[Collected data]
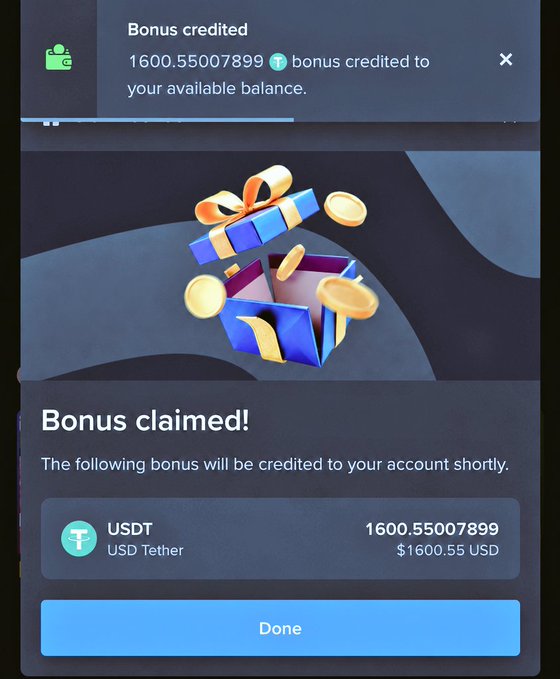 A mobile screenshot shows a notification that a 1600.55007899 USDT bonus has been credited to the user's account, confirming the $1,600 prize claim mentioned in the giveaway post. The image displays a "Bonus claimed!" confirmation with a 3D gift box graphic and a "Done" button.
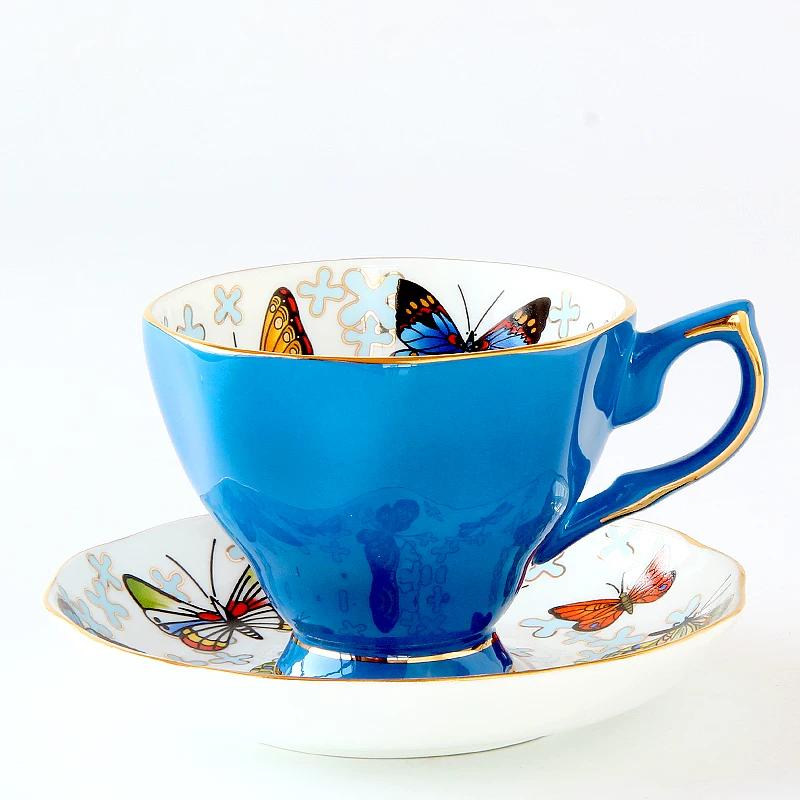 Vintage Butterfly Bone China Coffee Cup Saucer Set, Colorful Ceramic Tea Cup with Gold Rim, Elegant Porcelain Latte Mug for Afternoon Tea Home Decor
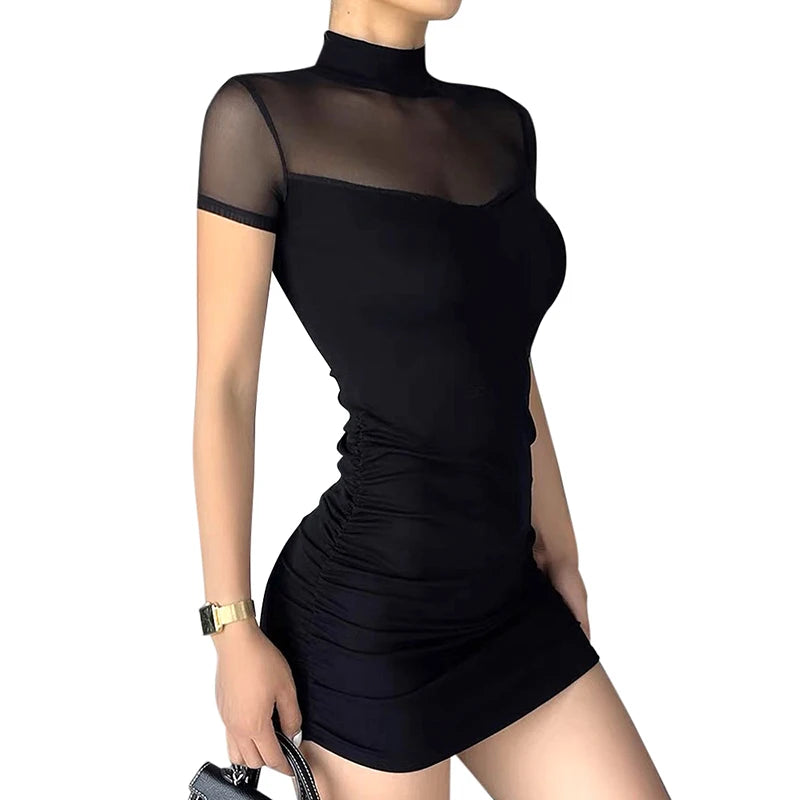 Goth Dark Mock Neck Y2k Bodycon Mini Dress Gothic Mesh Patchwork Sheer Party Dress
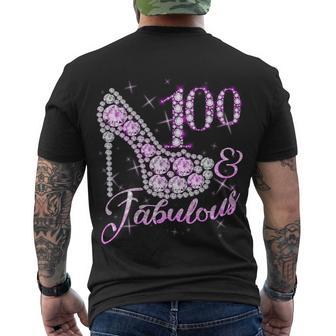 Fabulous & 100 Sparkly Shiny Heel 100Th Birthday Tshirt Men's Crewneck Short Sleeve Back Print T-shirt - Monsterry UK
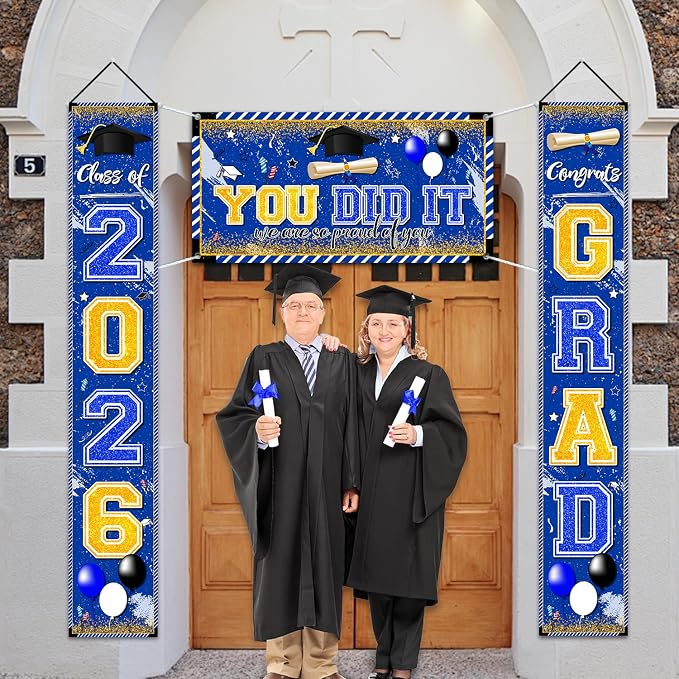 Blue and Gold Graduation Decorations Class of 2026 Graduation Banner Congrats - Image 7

▶ [What the task requires]: Every line from the one containing "Fabulous & 100" through the last line of the data, both included, is to be repeated exactly; the pictures are to be left out.

▶ [Answer to this task]:
 Fabulous & 100 Sparkly Shiny Heel 100Th Birthday Tshirt Men's Crewneck Short Sleeve Back Print T-shirt - Monsterry UK
 Blue and Gold Graduation Decorations Class of 2026 Graduation Banner Congrats - Image 7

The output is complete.